If the wash does not fire the more common cause is a bad wire, a bad relay, or a fault with the wash in use signal supplied by the wash equipment.
It is absolutely necessary that the wash in use signal is not turned on before the car has entered the bay. If the wash in use fires immediately after the wash is fired, put in a 10 second delay relay inline to the wash in use line.
If there is any voltage on the wash in use line when the bay is empty, put a 1000 Ohm 2 watt resistor inline on the wash in use signal.
Wash In Use Theory
For example, the following scenario is a normal transaction using the Wash in Use signal.
- The customer pulls up to the kiosk. The wash bay is empty and the Wash In Use Signal (supplied by the wash equipment) is at 0VAC/VDC.
- The customer enters payment for the wash. If the payment is declined, the customer will be prompted to choose another payment method and the wash will not fire.
- If the payment method is accepted, the kiosk determines if the wash is available based on the Wash In Use signal from the wash equipment. If the voltage is 0VDC/VAC, the kiosk tells the customer to enter the wash and fires the relay related to the wash package.

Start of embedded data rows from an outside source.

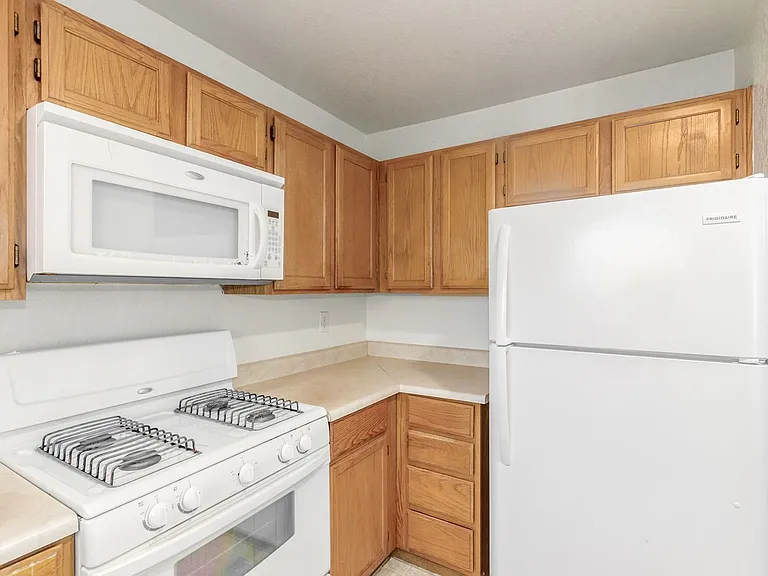5072 S Rainbow Blvd #205 — Photo 8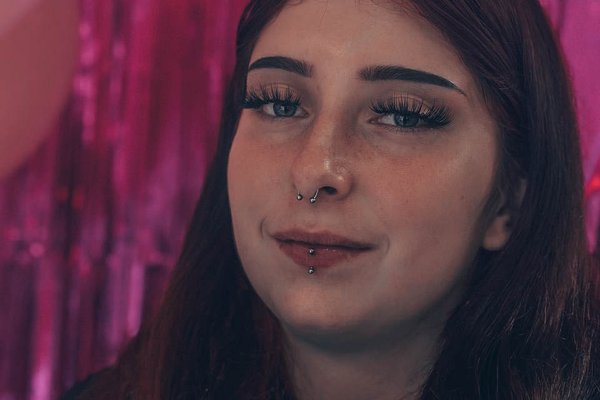 labret vertical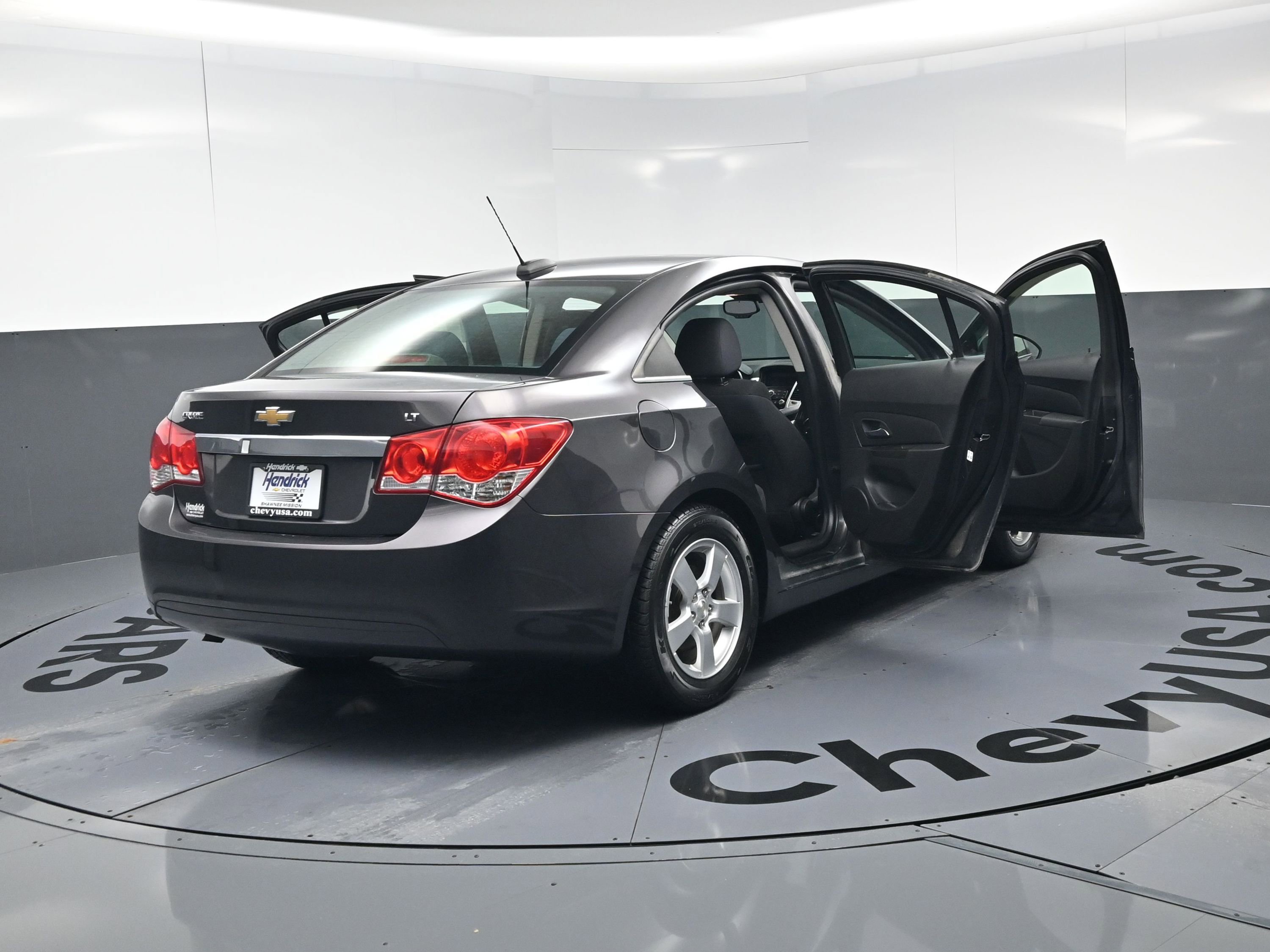 Used 2015 Chevrolet Cruze LT image 26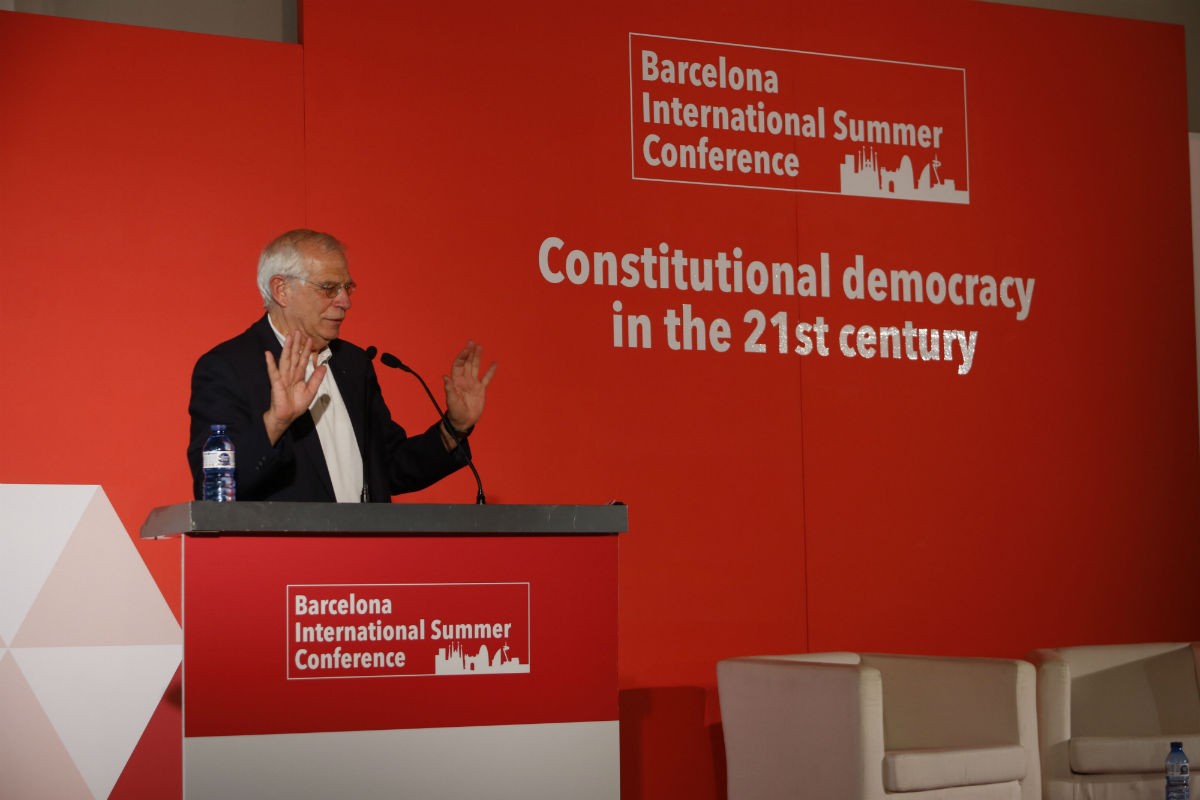 Borrell, ja com a ministre, en un acte de Societat Civil Catalana, el juliol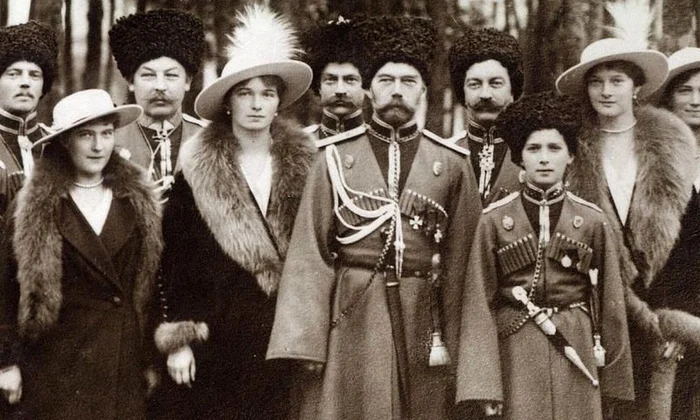 Sfârșitul monarhiei din Rusia jpeg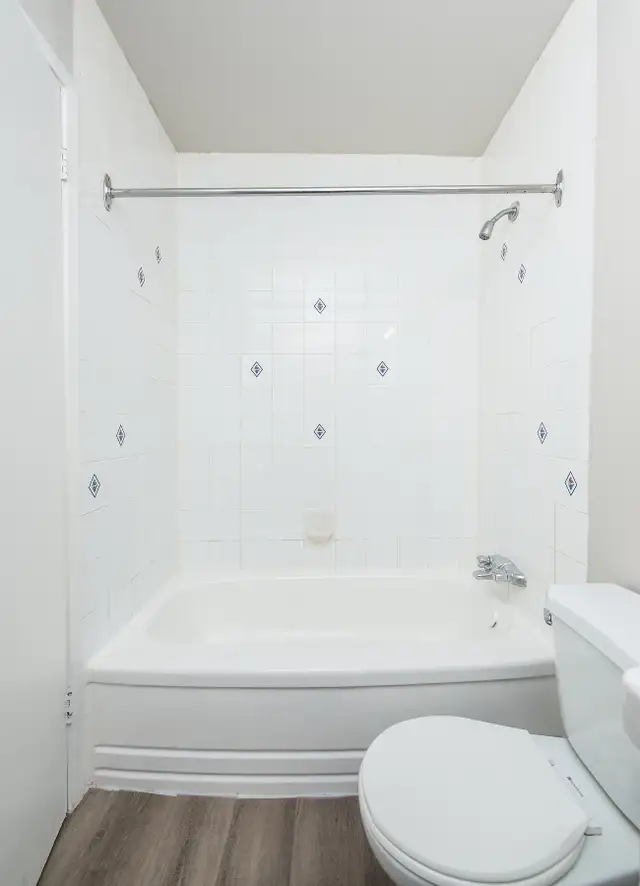 Signature Manor - 1 Bedroom Apartment for Rent - Photo 12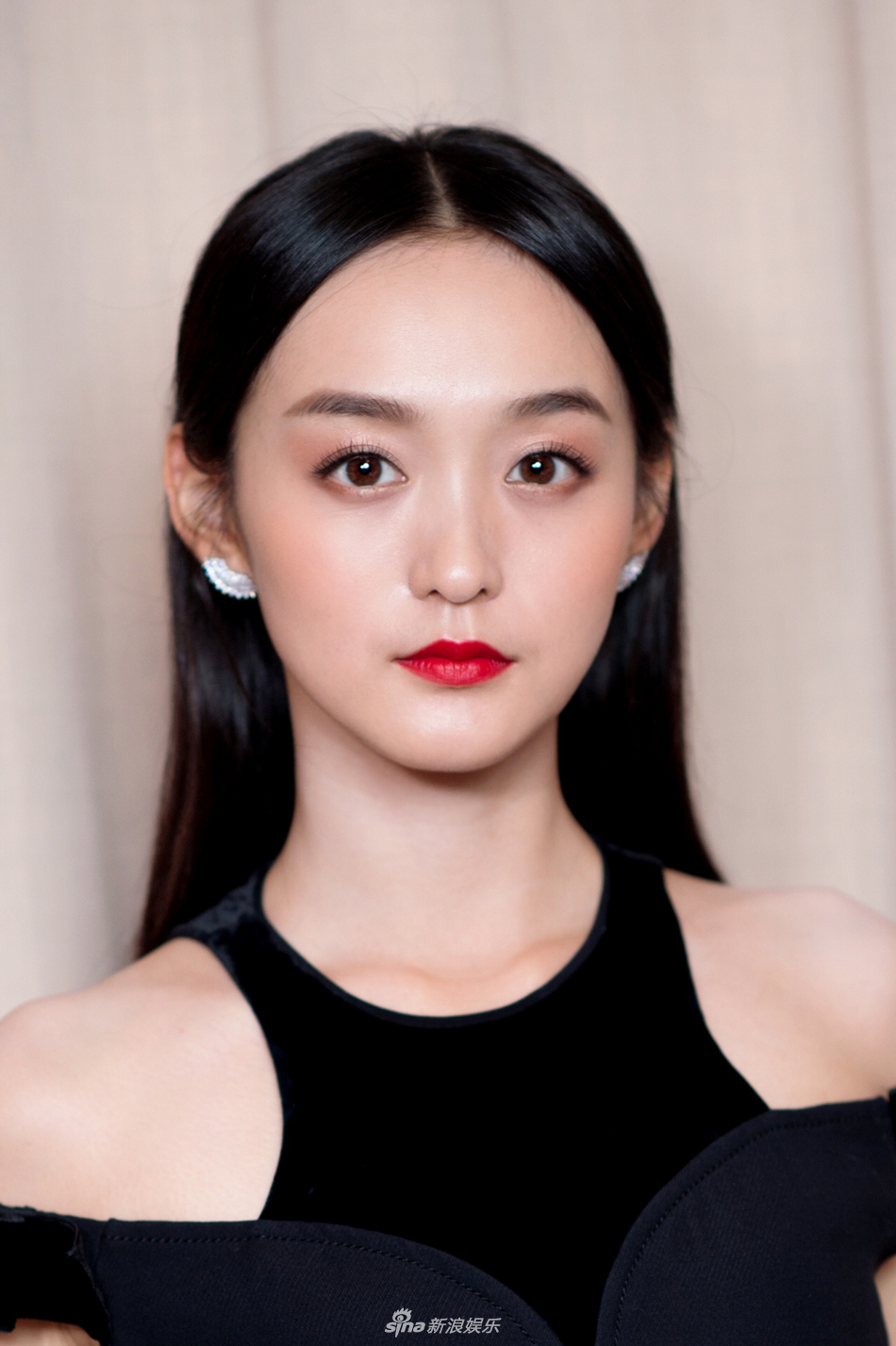 组图:何泓姗唇红齿白小秀香肩 曝《如懿传》鞭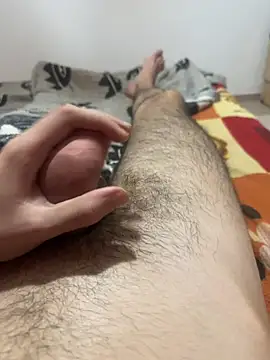 Grossebite2905 live sex cam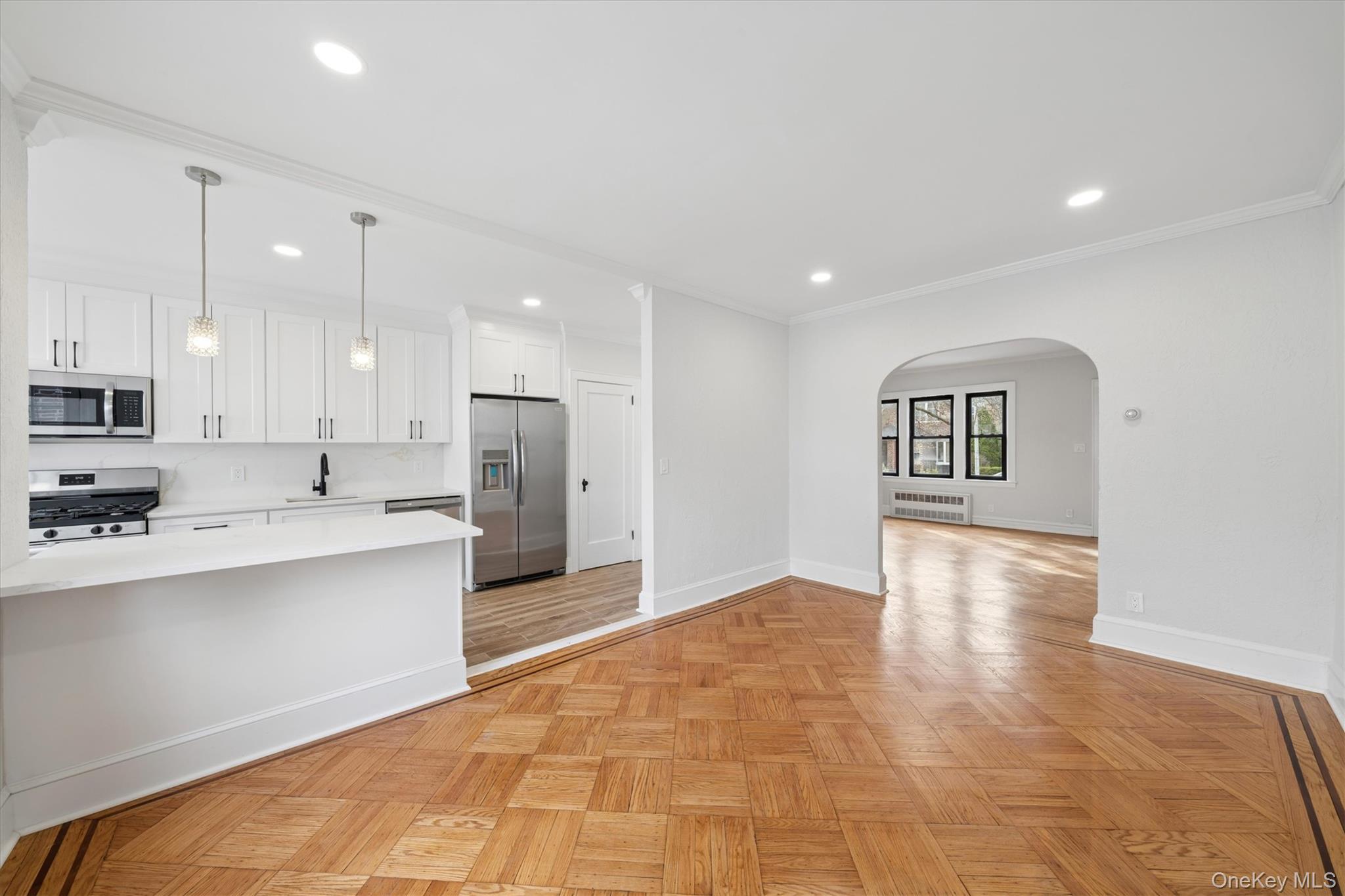 #7 photo, 85-55 67Th Road, कुईंस Rego Park , NY 11374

- At this stage, if there is any voltage on the Wash In Use Line, the screen will remain on the Wash Busy screen. This could be caused by as little as 2VDC/VAC in residual voltage and still keep the kiosk from firing the wash. In this case, put a 1000 Ohm 2 watt resistor inline on the Wash In Use signal (J18 pin 1 to pin 2 on the Wash I/O board).
- If there is no residual voltage, the customer may enter the bay and the wash starts. The wash equipment returns the Wash In Use signal at either 24VDC, 24VAC, or 120VAC. The Wash In Use signal must stay on constantly until the customer exits the wash.
- Display properly, the Wash In Use signal must not turn on until the car has entered the wash bay. If the Wash In Use signal is generated software or an inline programmable time delay relay on the Wash In Use signal (J18 pin 1 to pin 2 on the Wash I/O board).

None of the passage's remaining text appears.